Around the time Lenzi joined IU, the “internet of things” was becoming a real thing. Though the actual term was coined by British technology pioneer Kevin Ashton in 1999 to describe the network connecting physical objects with sensors, software and other technological features to the Internet, it would be several more years before the IoT began to make a more pervasive and pronounced economic and societal impact.
Today, IoT devices—including cell phones, tablets, watches, home security and automation systems, household appliances, health monitors and vehicle communications systems, to name just a few—are routinely deployed across our home, consumer and manufacturing settings. And their usage is expected to grow exponentially. A recently published report indicates that the number of IoT devices are expected to climb to nearly 30 billion worldwide by 2030, triple the number from 2020.

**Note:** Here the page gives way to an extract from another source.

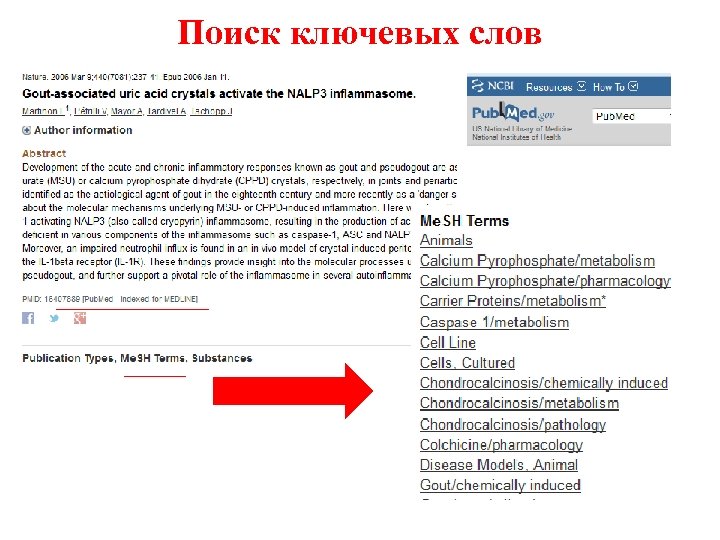 Поиск ключевых слов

Lenzi’s arrival at IU also coincided with Indiana’s increasing determination to support and catalyze innovation in IoT. In 2018, Lenzi was asked to represent IU at the grand opening of a new, state-of-the-art Indiana IoT Lab in Fishers, Ind., a 24,000-square-foot facility that serves to connect Indiana’s leading entrepreneurs, startup companies and established companies and inspire the delivery of new IoT-driven solutions to the market. One of the founding members of the lab, IU arranged for an immediate presence in the space, which came in the form of an office and meeting space, across from a sponsored conference room. This sponsorship would enable IU students, faculty and staff to utilize the entire lab and all of its leading-edge equipment, including everything from 3-D printers and touch-screen walls to table saws.
“It was extremely fortunate that just as I was coming on board [IU Vice President for Government Relations and Economic Engagement] Bill Stephan and Tony Armstrong [IU associate vice president and president and CEO of IU Ventures] were talking about how Indiana University could develop a strong and active presence at the Indiana IoT Lab. They were looking to seize the opportunity to participate and interact more closely with companies around our state, and this dovetailed very nicely with a course we were building in IoT design and business innovation.”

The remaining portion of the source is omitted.